Anche quella che vi raccontiamo questa settimana, cari lettori, rientra di diritto nella categoria delle tragedie dimenticate, e ogni qualvolta la domanda che sarebbe da farsi è come sia possibile.
Già, come è stato possibile che per decenni, decenni e ancora decenni si sia fatto finta di niente su quello che qualcuno chiama il piccolo Olocausto italiano? Come si è potuto girare la testa dall’altra parte su una delle più grandi stragi di minatori avvenuta in Italia? Perché si è voluto tacere sulla tragedia dei cosiddetti “carusi”, con tanto pure di cimitero?
Siamo in Sicilia, allora. Il ‘900 non è poi così distante. Questo significa che l’unità d’Italia è stata da poco compiuta, ma c’è uno Stivale, soprattutto quello meridionale, dove regna ancora un analfabetismo da percentuali bulgare, una economia ancora prettamente agricola e condizioni da lavoro a dir poco pessime, sotto tutti i punti di vista.
Ma, oltre all’agricoltura, dalla metà del XIX secolo lo zolfo è diventato uno dei materiali più redditizi per l’economia della Regione più grande d’Italia, tanto è vero i solfatari siciliani rappresentano all’epoca, ben oltre il 60 per cento della popolazione mineraria della penisola italiana.

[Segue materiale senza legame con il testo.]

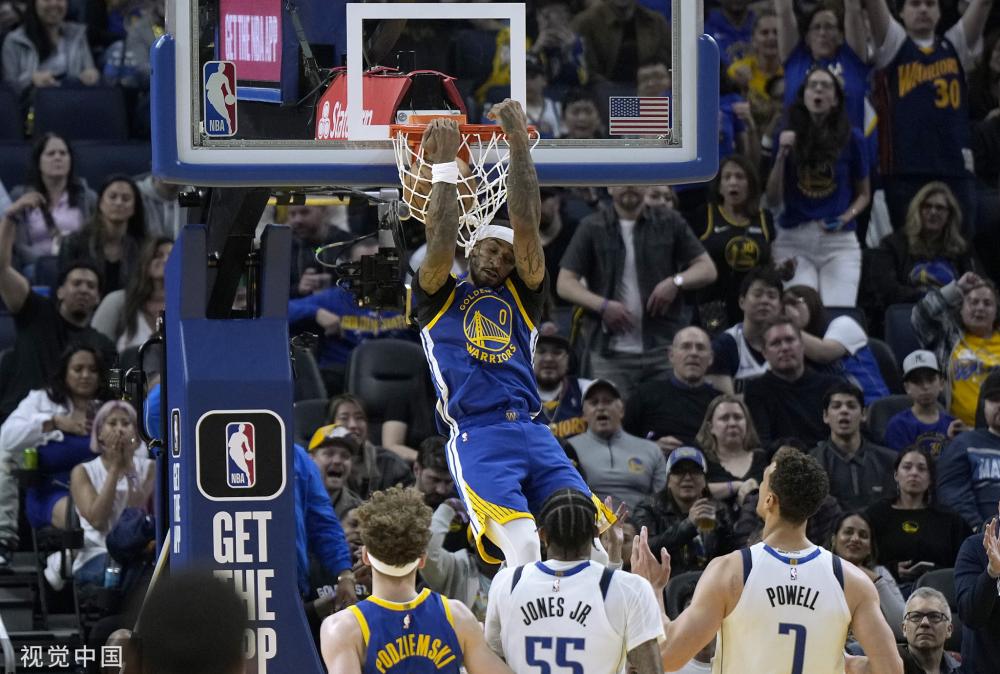 具备丰富经 具备丰富经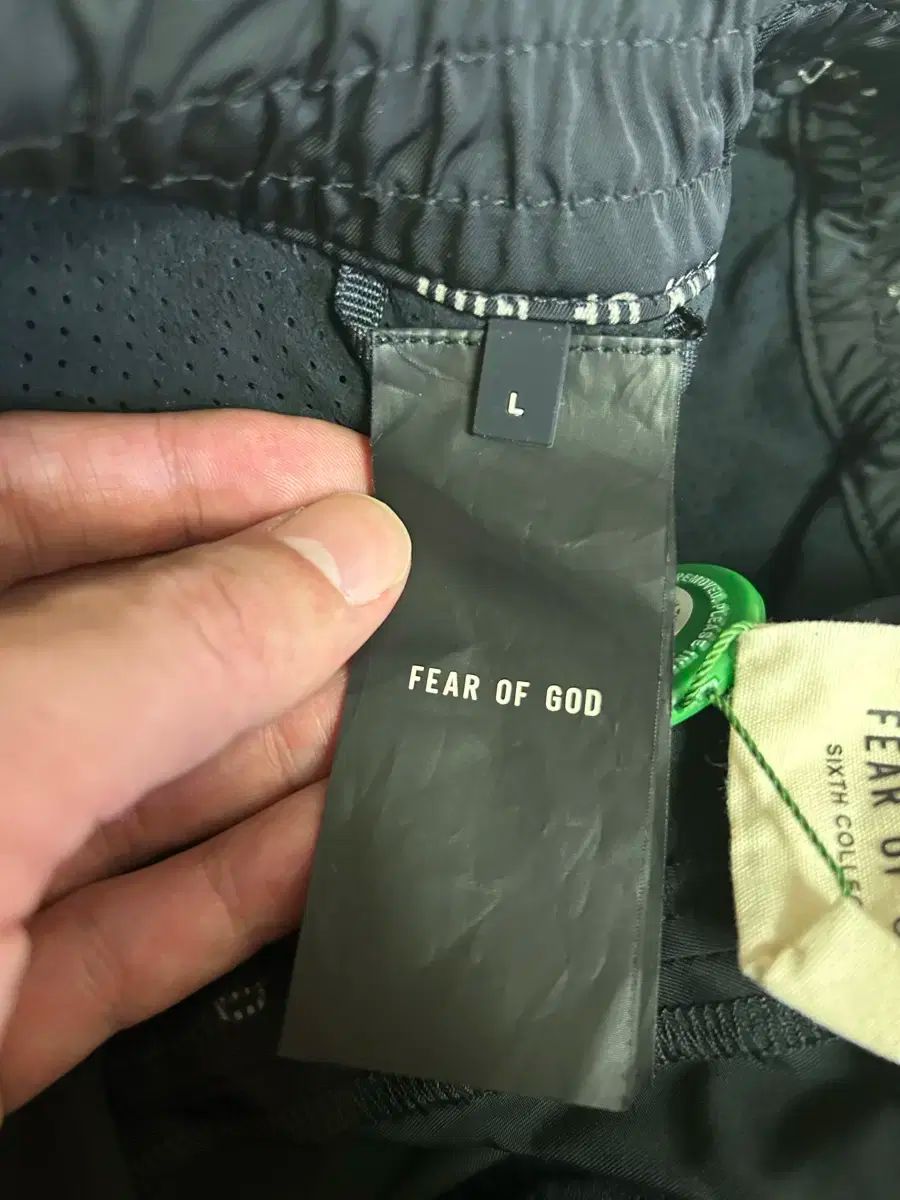 OF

Gessolungo, in provincia di Caltanissetta, è una delle prime solfare. Aperta nel 1839, ci lavorano centinaia di persone. Ma qui si estrae lo zolfo per poche lire, con un orario di lavoro massacrante, senza le più elementari e basilari condizioni di sicurezza e igiene, e con una altissima presenza di bambini da età da scuola elementare. I carusi, per l’appunto, vittime di un destino del quale non sono artefici, scelto per loro dalle loro famiglie che li vendono in cambio di un prestito tra le 100 e 150 lire. La somma viene erogata immediatamente, ma deve essere restituita nel tempo con il lavoro del fanciullo.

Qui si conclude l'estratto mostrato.